◆ **WHAT YOU HAVE TO DO**
Only the lines from the one holding "image for item H8290 Hustler 4600 lawn mower" through the end of the material are to be repeated, exactly and without pictures.

◆ **DATASET SECTION**
◆ ◆ ◆ ◆
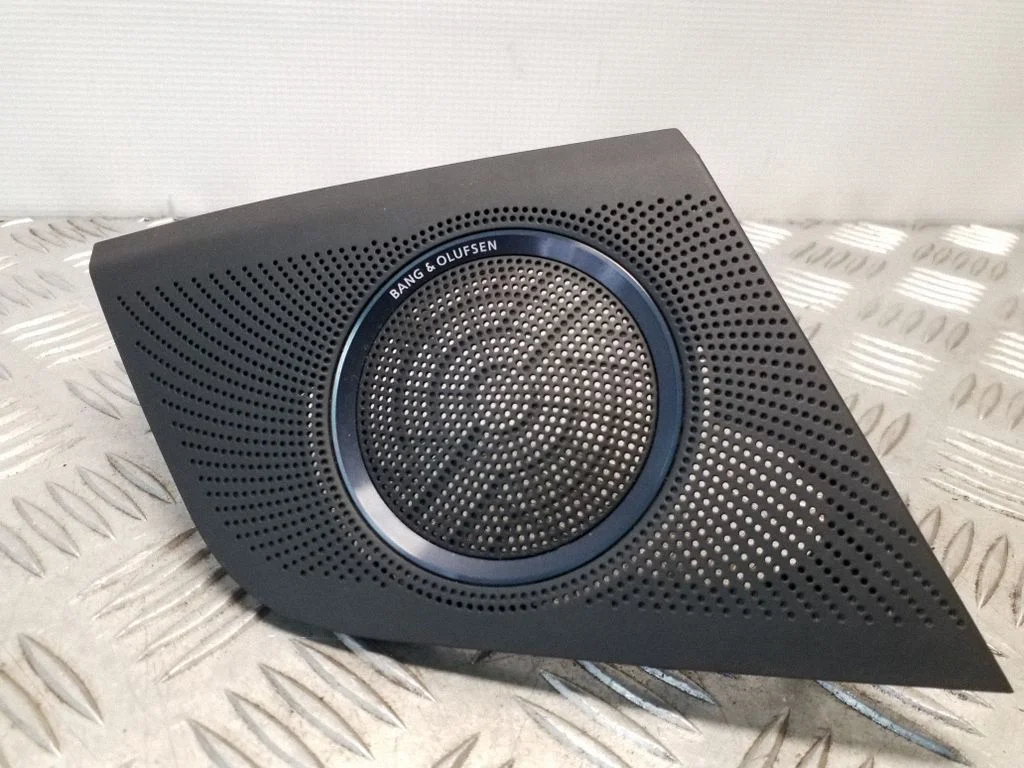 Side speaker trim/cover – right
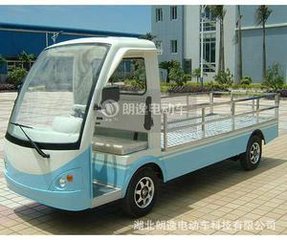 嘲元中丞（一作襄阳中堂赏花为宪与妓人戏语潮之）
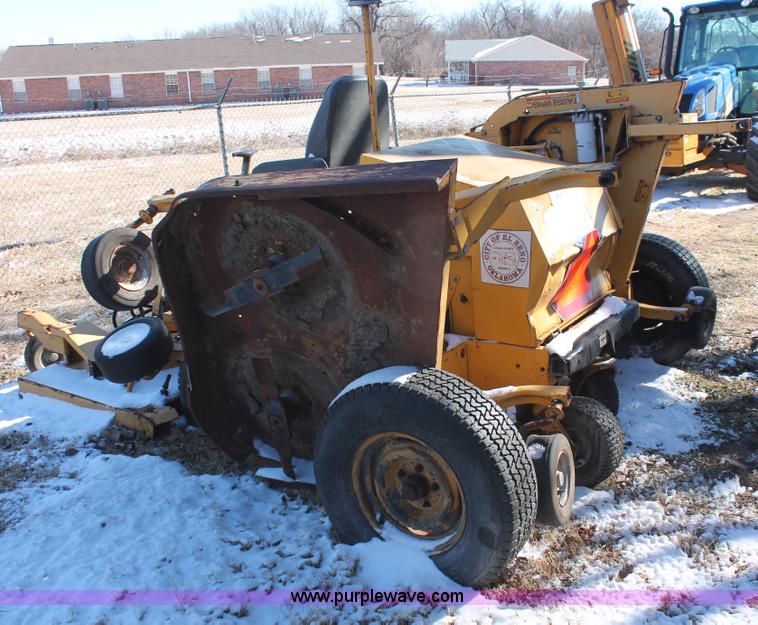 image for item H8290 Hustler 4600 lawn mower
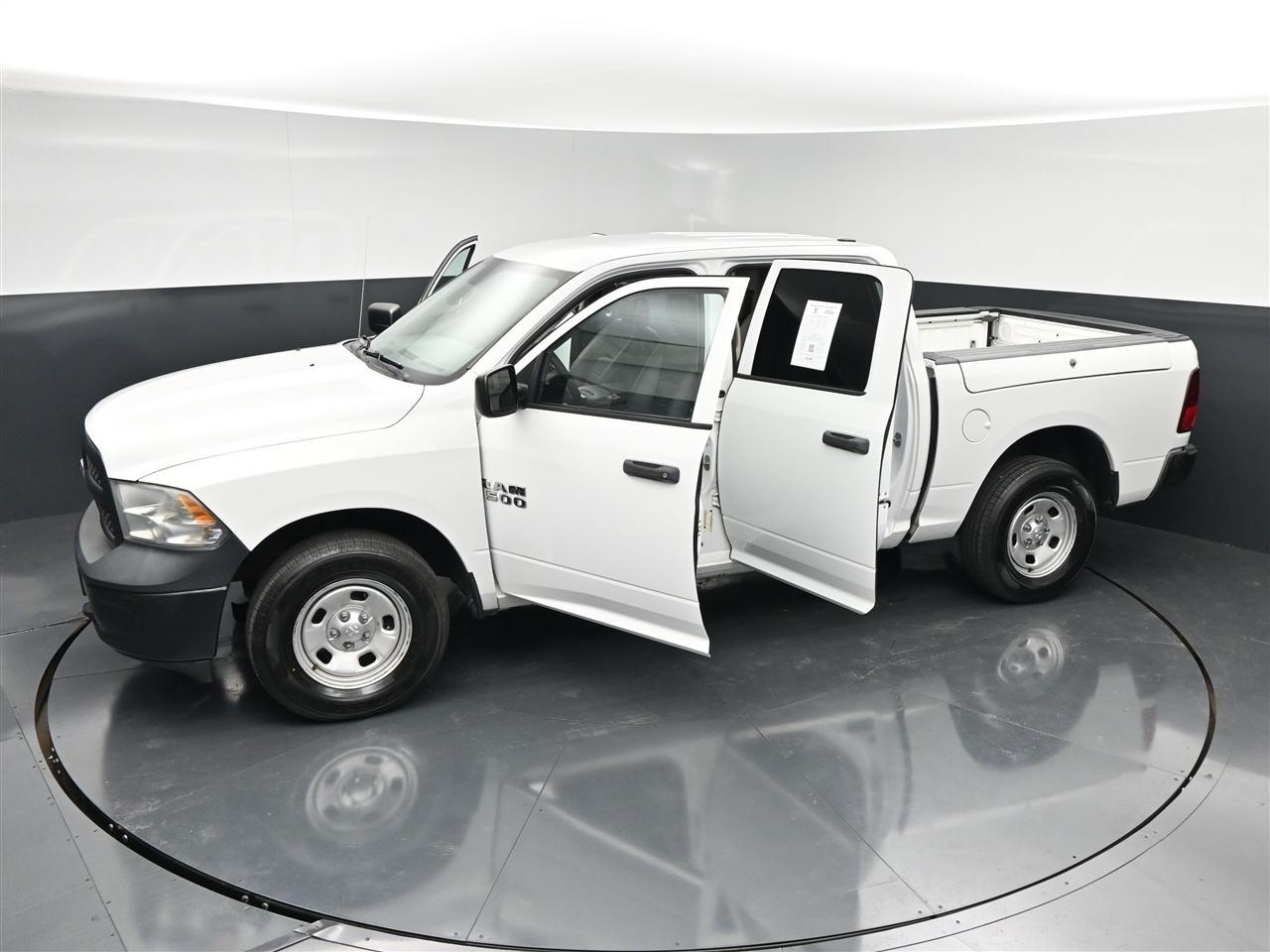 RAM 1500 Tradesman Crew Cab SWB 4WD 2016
◆ ◆ ◆ ◆
◆ **WRITTEN SOLUTION**
 image for item H8290 Hustler 4600 lawn mower
 RAM 1500 Tradesman Crew Cab SWB 4WD 2016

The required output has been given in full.